Check whether the dataset contains missing values. If it does, discuss whether you can safely remove the affected observations. Identify which variables are quantitative and which are qualitative (categorical). If a variable could be treated either way, state your choice and rationale. Compute basic descriptive statistics for each variable.



In [None]:

### Suggested exchange rates and unit conversions

# with an exchange rate of **1 USD = 23 CZK** and express the price in thousands of CZK.

# Convert areas to square metres:
#  - `living_area` (square feet) → multiply by **0.092903**.
#  - `lot_size` (acres) → multiply by **4046.86**.
def task1(df: pd.DataFrame):
	print(Fore.YELLOW + "Task 1")
	missing = df[df.isna().any(axis=1)]
	print(Fore.GREEN + "Missing values:")
	print(missing)
	print(Fore.MAGENTA + "Explanation for removing rows with missing values:")
	print("\tWe found 11 rows with missing values. Since there are 1057 total data entries, removing all of the invalid rows should not cause any major error. \n\tWe can further see that there are two rows with missing prices and 9 rows with missing lot sizes. In author's opinion, the 'price' feature is very significant in terms of general housing evaluation, as opposed to the lot size, which does not seem to be that important, which could imply the possibility of completing the 9 missing lot_size rows with something like the mean value (however, author also acknowledges that since the prices are in USD and lot_size is a factor, then the dataset might come from the USA, where parking space is much more important than in Europe).\n\tThe verdict is therefore that we will remove all of the rows with any missing values, as there are enough spare data for analysis.")

	# remove missing rows
	df = df.dropna()
	print(Fore.GREEN + "Descriptive statistics:")
	print(df.describe())
	print(Fore.MAGENTA + "Explanation of quantitativity and qualitativity (categoricality) of features:")
	print("We have following features:")
	print(Fore.CYAN + Style.BRIGHT + "price:" + Style.RESET_ALL + " a clearly quantitative variable.")
	print(Fore.CYAN + Style.BRIGHT + "living_area:" + Style.RESET_ALL + " a clearly quantitative variable.")
	print(Fore.CYAN + Style.BRIGHT + "bathrooms:" + Style.RESET_ALL + " not clear, what type it is.

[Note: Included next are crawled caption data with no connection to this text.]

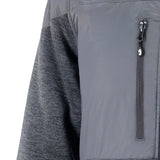 Neri Chamonix Sweatjacke grau – grau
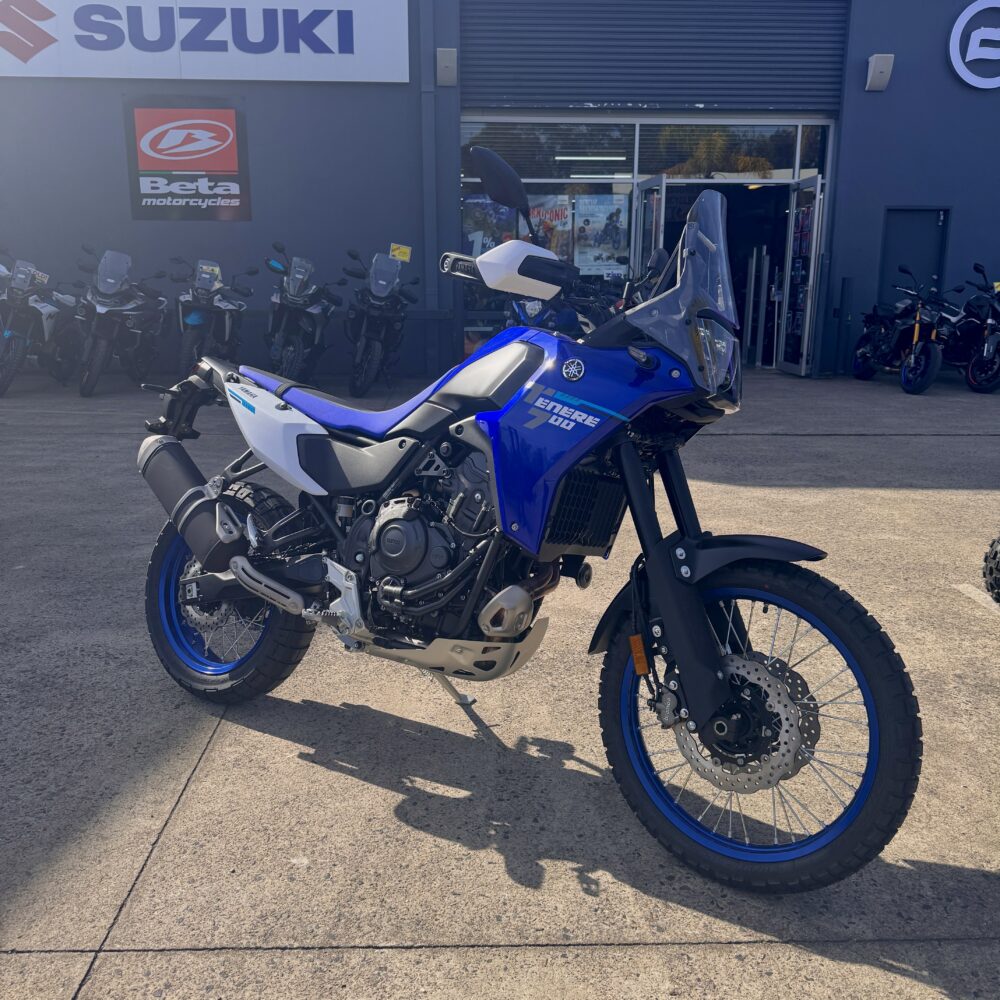 YAMAHA TENERE 700 - DEMO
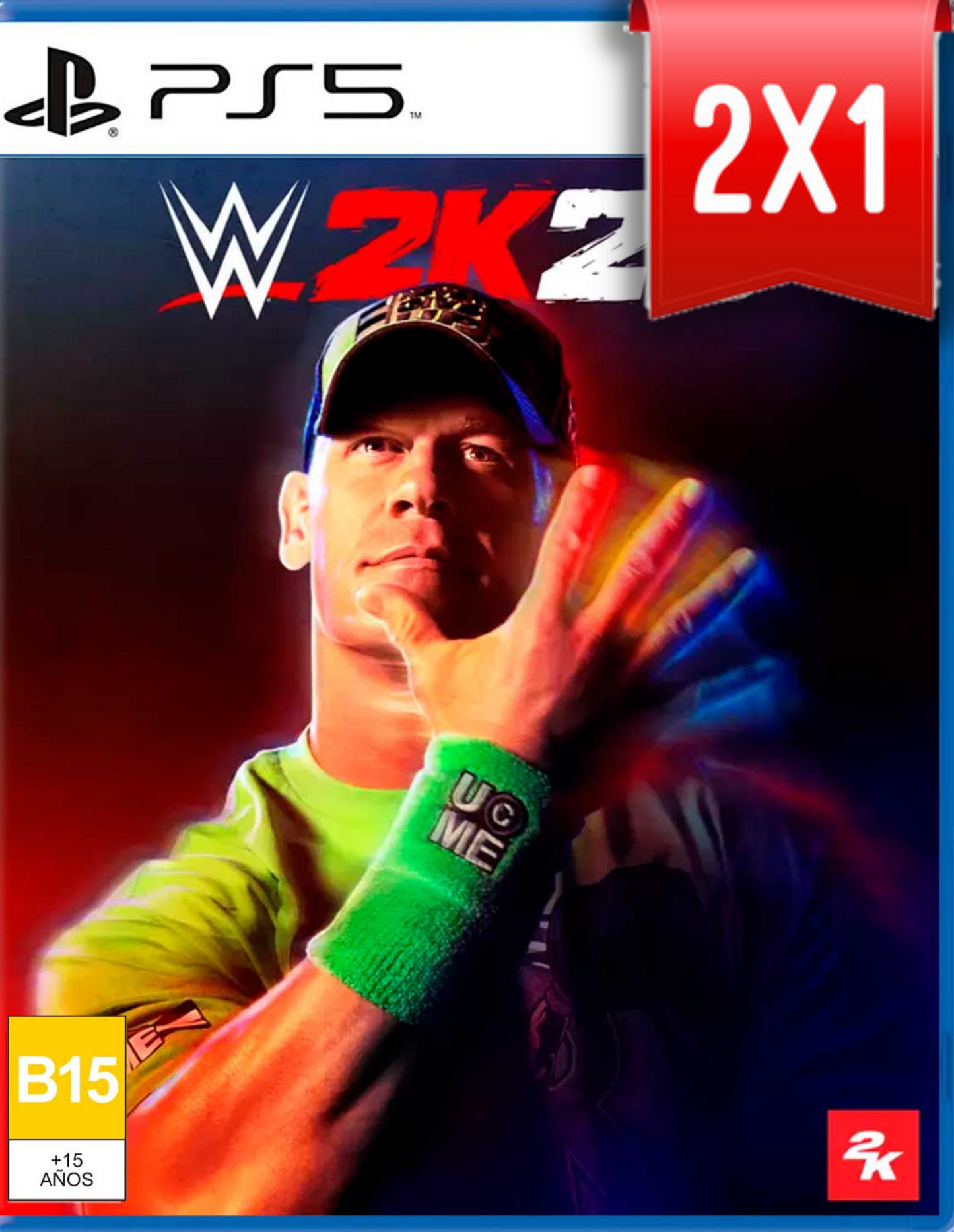 Código WWE 2K 23 PS5 (🔥PROMO 2X1🔥)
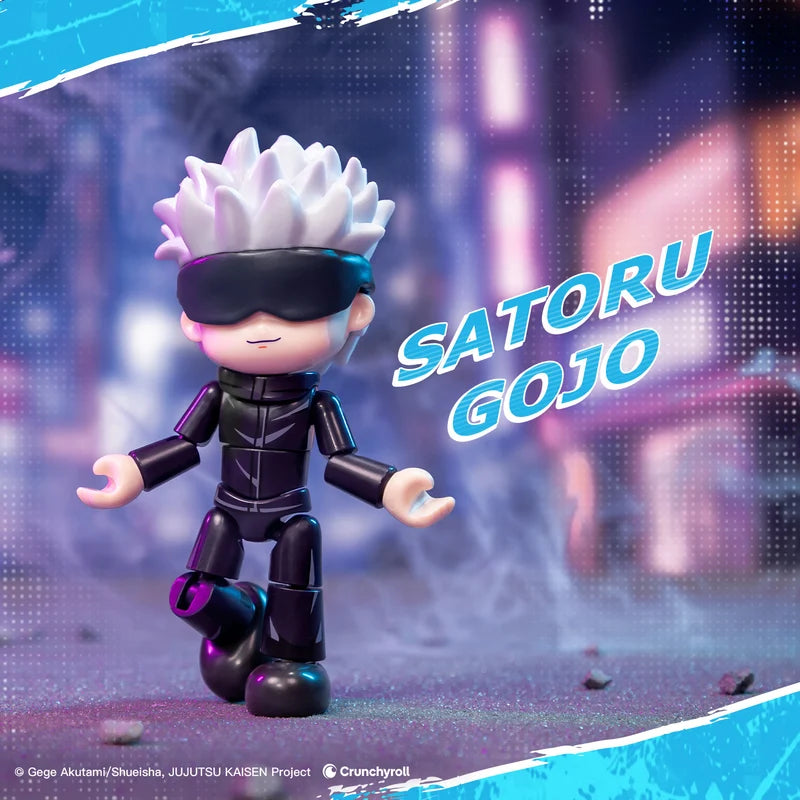 PUREMIND x JUJUTSU KAISEN - Total Assault Series Vol. 1 Figure Blind Box gallery image 4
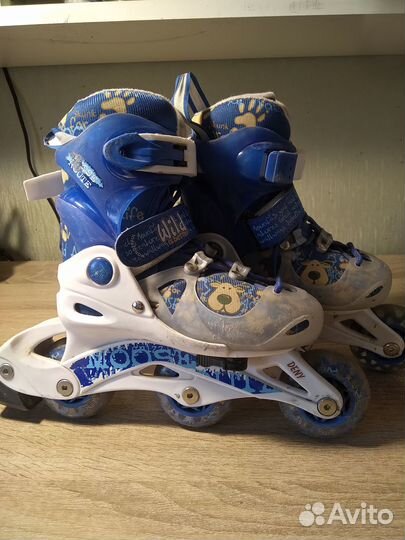 Роликовые коньки детские Alpha Caprice Deny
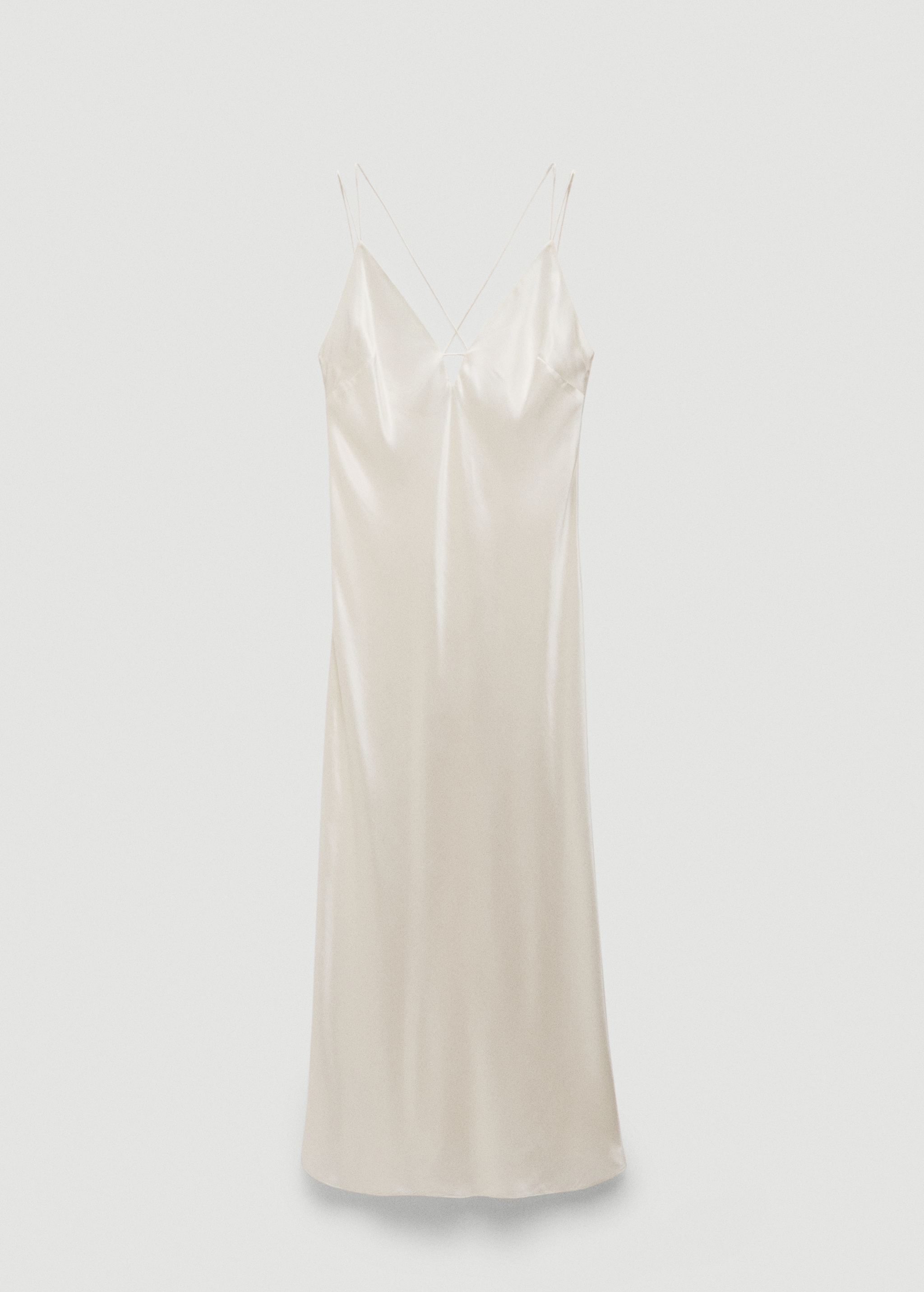 Φόρεμα lingerie μετάξι - Προϊόν χωρίς μοντέλο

We will continue with quantitative, as the number can be fractional.")
	print(Fore.CYAN + Style.BRIGHT + "bedrooms:" + Style.RESET_ALL + " again not clear, we will also choose quantitative, since there are 1 to 5 bedrooms.")
	print(Fore.CYAN + Style.BRIGHT + "fireplaces:" + Style.RESET_ALL + " again not clear, we will go with quantitative, mainly due to the reason of there being a 'fireplace' variable, which will be qualitative.")
	print(Fore.CYAN + Style.BRIGHT + "lot_size:" + Style.RESET_ALL + " clearly quantitative.")
	print(Fore.CYAN + Style.BRIGHT + "age:" + Style.RESET_ALL + " again clearly quantitative.")
	print(Fore.CYAN + Style.BRIGHT + "fireplace:" + Style.RESET_ALL + " since there are 2 possible values, we will go with qualitative.")



In [None]:
# TODO: Task 01
task1(houses)


## Task 02 – Unit conversion and filtering

Create a cleaned subset of the data that satisfies all of the following:

1. Convert `price` to thousands of CZK using the exchange rate given above.
2. Convert `living_area` and `lot_size` to square metres.
3. Keep only houses that are older than 10 years but not older than 50 years.
4. Keep only houses with price below 7 500 CZK (in thousands), and lot size between 500 m² and 5 000 m².
5. Convert `bathrooms` and `bedrooms` to categorical variables with three levels of your choice (justify the cut points in your report).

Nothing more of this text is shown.